Sunday, October 10, 2021

The Mandate of Heaven ...

 

Xi Jinping, China's president, speaks during a prerecorded video at the United Nations General Assembly on Sept. 21. (Michael Nagle/Bloomberg)

A while ago, BRT posted a blurb about China regarding its population crisis as their birthrate is the lowest in the world along with Japan, Italy and Russia. Seems the decline of China regarding this issue is made even worse as China preferred male children over females, thus making their situation even worse. Xi's fear of the future is becoming more obvious as the problems China's facing are becoming as daunting as that of the US if the Washington Post's take is truly accurate.

Nations, like people, have reputations, and in both cases there can be gaps between the rep and the reality. China is known as the sage of nations, strategically patient, thinking in terms of centuries while the West flits about like a toddler in a toy store. Current events are forcing a reappraisal, however, as China careens wildly — and very dangerously — from one bad decision to the next.

Start with the Chinese Communist Party’s authoritarian U-turn after a generation in which China’s gradual opening produced extraordinary growth and modernization. Under the power-hungry leader Xi Jinping — who is abandoning the term limits honored by his recent predecessors to hold the reins indefinitely — the CCP is exerting state control over economic activity in ways that are rattling the confidence of global investors. Aggressive moves to stifle the Internet have drained more than $1 trillion in value from Chinese tech companies this year. In July, the State Department warned U.S. businesses of a souring commercial climate in Hong Kong since Beijing’s crackdown there.

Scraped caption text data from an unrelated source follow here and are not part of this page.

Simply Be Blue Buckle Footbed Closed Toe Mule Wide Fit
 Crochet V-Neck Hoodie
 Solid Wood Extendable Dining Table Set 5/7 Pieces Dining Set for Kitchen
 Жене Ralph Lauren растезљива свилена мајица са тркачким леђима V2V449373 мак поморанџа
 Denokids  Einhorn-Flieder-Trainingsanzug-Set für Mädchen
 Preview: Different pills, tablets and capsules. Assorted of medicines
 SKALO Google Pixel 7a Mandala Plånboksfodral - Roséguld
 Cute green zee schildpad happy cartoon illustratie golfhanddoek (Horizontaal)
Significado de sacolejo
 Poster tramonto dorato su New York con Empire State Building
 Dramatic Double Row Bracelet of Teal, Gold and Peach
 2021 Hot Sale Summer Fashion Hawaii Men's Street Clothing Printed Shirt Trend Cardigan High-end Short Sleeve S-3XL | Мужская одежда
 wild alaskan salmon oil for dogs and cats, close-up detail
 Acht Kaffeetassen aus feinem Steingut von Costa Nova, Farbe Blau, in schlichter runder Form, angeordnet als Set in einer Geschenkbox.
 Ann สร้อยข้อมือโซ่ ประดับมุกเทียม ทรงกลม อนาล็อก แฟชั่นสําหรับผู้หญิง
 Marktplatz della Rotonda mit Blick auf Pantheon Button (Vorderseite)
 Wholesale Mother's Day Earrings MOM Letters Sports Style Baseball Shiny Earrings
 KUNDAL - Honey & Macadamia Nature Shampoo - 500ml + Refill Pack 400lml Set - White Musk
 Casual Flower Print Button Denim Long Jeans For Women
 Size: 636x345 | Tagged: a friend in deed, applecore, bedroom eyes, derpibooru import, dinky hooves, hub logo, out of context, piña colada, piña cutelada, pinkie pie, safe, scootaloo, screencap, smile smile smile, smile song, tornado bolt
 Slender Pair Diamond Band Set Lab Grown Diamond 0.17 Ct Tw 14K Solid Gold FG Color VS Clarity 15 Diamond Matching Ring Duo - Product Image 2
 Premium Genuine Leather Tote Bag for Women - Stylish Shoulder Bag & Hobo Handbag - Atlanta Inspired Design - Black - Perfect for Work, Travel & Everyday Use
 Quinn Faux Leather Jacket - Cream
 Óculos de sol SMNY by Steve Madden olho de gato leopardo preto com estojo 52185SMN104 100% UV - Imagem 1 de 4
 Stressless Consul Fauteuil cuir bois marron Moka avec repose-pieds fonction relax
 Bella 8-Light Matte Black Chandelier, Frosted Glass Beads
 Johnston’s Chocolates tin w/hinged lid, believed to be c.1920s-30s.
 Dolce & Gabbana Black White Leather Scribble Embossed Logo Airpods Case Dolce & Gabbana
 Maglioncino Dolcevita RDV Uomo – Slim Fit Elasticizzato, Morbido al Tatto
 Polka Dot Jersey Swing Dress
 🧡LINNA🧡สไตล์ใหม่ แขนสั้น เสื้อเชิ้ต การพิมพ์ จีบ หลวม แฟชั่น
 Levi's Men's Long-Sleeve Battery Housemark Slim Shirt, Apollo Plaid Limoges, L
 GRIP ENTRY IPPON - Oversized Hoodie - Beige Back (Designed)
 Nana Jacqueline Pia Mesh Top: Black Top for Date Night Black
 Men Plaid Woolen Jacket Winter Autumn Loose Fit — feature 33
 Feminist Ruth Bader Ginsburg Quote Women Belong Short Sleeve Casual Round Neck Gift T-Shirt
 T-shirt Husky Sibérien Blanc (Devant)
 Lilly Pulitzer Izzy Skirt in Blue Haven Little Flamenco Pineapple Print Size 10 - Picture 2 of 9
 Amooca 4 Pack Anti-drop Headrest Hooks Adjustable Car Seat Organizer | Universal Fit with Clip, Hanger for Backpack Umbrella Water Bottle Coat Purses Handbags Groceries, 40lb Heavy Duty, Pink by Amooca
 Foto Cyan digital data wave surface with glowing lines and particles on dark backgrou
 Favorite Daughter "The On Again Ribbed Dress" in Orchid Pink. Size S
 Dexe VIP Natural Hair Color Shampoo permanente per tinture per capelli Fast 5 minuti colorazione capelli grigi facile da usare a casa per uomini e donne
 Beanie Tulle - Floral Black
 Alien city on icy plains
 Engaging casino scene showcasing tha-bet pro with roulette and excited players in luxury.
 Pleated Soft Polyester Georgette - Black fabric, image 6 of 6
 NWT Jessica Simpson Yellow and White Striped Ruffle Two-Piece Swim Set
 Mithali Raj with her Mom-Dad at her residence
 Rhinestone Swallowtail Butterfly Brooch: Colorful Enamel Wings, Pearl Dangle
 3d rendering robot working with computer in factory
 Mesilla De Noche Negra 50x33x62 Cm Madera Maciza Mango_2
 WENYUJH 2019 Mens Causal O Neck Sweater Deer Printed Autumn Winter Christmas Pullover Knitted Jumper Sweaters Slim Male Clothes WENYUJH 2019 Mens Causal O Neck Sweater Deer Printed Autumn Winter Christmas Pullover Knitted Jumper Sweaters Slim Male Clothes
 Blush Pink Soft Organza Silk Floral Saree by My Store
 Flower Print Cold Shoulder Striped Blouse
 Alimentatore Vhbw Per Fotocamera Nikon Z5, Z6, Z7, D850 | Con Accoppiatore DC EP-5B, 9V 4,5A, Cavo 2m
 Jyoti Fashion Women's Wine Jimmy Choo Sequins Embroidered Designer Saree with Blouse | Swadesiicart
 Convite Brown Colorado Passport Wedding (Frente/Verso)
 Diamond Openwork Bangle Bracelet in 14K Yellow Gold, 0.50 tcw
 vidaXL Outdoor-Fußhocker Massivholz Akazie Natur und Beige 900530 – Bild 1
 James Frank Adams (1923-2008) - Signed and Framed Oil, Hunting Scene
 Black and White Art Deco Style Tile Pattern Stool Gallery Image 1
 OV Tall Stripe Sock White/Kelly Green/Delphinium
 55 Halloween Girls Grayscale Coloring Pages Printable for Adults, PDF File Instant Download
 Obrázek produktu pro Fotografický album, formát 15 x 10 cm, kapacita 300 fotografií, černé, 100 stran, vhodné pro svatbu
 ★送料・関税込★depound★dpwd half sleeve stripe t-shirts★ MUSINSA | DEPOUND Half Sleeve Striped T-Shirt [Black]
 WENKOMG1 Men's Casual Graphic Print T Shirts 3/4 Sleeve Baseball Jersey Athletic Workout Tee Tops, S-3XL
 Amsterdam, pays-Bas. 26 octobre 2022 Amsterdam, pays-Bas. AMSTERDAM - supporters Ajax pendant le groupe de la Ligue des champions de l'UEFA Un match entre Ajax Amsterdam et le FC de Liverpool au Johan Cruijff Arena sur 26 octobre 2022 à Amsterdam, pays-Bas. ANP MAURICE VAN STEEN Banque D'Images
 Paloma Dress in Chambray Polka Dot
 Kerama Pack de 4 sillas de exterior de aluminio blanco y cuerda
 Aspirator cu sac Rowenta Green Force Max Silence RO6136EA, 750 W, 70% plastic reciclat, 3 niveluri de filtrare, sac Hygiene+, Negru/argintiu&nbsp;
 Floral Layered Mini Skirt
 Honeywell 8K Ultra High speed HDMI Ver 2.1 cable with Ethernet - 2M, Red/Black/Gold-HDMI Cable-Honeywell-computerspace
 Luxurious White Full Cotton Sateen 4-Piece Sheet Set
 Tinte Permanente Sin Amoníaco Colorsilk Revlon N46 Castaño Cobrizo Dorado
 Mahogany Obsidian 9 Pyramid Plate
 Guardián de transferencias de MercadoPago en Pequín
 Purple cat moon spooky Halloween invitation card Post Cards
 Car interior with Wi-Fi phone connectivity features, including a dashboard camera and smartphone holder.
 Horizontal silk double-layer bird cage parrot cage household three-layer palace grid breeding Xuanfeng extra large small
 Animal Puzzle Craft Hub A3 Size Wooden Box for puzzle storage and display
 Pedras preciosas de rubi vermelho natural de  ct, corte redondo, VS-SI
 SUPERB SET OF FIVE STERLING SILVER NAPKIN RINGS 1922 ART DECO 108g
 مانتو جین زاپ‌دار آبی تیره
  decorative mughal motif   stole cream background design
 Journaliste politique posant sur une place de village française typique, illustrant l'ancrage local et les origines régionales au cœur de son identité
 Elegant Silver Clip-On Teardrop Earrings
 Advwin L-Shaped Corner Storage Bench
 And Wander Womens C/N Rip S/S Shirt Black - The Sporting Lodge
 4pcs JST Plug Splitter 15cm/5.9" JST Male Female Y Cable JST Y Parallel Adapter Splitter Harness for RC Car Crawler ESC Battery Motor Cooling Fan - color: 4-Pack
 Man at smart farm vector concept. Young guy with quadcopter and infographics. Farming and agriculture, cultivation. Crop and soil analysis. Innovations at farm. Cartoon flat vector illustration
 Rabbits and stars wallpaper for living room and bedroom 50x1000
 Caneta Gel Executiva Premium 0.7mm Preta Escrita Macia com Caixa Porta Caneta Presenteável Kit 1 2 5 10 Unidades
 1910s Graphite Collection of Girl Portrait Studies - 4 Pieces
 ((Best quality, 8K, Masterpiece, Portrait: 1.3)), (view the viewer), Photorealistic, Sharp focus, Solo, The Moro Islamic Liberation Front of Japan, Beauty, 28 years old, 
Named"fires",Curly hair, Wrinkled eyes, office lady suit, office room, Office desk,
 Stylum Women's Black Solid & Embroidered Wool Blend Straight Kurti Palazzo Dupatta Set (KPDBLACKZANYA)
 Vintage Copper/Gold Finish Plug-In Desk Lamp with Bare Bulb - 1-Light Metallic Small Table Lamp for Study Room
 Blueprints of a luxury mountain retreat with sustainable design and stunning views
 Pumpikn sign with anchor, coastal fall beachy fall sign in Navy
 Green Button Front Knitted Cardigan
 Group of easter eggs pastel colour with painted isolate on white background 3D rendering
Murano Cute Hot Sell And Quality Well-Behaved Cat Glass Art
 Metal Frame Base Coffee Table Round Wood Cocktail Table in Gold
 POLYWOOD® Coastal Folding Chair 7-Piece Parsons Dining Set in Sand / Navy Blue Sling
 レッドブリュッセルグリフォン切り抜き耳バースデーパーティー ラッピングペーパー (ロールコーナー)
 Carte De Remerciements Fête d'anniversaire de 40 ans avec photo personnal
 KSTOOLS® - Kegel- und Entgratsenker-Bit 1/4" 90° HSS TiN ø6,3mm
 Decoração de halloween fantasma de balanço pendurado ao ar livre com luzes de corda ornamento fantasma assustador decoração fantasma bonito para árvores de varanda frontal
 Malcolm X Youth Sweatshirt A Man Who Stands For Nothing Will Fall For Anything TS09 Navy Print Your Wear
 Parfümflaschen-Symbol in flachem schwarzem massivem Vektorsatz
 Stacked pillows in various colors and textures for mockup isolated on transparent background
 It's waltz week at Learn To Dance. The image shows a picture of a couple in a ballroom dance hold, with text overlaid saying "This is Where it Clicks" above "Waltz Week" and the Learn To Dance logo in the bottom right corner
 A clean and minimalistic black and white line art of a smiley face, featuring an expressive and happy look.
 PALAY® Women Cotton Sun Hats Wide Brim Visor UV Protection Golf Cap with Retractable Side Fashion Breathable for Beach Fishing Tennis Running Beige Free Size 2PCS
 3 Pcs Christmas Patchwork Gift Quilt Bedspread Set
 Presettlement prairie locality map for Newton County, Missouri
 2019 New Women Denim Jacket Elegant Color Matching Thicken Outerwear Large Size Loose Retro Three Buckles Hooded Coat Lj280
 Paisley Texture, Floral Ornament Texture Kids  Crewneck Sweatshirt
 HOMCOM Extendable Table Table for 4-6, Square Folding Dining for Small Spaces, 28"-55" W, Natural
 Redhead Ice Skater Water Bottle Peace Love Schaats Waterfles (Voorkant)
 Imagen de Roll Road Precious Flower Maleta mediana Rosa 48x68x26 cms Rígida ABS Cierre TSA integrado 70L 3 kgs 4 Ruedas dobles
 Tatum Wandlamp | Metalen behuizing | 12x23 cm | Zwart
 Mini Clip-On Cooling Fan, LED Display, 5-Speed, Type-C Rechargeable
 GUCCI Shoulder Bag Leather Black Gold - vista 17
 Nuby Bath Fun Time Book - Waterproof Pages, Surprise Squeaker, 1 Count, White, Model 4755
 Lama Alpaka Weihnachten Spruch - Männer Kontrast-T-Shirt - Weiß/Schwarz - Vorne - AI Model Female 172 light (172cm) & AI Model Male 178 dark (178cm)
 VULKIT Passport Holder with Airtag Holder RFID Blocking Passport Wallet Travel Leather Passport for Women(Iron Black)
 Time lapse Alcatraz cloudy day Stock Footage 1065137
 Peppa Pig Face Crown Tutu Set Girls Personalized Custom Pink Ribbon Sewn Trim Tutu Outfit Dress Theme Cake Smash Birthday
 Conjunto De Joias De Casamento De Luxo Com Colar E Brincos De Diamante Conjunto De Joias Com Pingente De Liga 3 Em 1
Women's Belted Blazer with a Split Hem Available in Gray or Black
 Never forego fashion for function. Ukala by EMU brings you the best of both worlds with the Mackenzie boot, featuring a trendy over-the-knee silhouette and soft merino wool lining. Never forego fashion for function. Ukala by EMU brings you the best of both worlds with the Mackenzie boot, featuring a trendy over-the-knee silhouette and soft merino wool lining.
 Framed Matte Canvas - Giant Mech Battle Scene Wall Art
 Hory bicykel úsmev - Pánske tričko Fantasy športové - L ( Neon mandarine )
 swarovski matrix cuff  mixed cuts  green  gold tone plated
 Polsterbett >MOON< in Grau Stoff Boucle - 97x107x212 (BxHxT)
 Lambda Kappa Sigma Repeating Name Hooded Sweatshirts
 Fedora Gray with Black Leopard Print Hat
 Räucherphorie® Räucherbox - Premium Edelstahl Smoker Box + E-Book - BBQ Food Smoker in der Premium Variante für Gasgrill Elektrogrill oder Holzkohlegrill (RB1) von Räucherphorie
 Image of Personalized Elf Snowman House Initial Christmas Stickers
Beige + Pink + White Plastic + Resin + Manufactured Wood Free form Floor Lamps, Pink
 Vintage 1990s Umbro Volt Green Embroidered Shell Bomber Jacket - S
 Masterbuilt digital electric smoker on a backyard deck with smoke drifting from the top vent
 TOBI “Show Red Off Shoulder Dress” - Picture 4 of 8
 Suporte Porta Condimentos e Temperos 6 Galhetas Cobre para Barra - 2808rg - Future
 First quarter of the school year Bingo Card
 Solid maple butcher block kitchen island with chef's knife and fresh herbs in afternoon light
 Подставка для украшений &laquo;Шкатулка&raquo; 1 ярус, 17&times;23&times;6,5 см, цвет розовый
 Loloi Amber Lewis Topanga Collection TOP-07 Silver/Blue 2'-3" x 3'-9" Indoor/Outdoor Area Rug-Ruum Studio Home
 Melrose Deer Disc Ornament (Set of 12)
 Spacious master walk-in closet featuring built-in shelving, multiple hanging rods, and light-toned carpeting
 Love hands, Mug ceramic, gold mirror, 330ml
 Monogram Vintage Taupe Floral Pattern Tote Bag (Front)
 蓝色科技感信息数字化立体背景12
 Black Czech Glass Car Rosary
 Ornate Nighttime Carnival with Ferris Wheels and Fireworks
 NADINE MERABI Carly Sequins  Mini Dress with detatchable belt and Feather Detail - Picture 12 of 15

Domestically, the CCP is flailing to defuse the demographic time bomb unleashed by the party’s foolhardy decision in 1979 to limit Chinese families to a single child. A preference for boys has created a nation of bachelors, which thwarts government efforts to reverse the damage. Runaway health costs and declining growth are the likely consequences of an aging population.

China’s Belt and Road Initiative to create a 21st-century infrastructure for eastern trade looks increasingly like a scheme to saddle weaker partners with debt while keeping China’s construction industry occupied. Meanwhile, the unmanageable domestic debt racked up to overbuild infrastructure at home has financial markets around the world quaking.

End game

Xi, 68, won’t last forever. But as long as he is ruler, the United States and its allies must move carefully to limit global exposure to Chinese mismanagement and deploy every tool short of war to deter rash action by China against Taiwan. A whole new way of thinking is required. Western policy has long been shaped by China’s rapid ascent, but that could be child’s play compared with confronting a China in decline.

Addendum: It appears energy's also a culprit in terms of crippling the manufacturing sector as well, something previously discussed in BRT's Suicide is Painless and in a CNN article titled It's official. China's manufacturing industry is in trouble. The Mandate of Heaven indeed.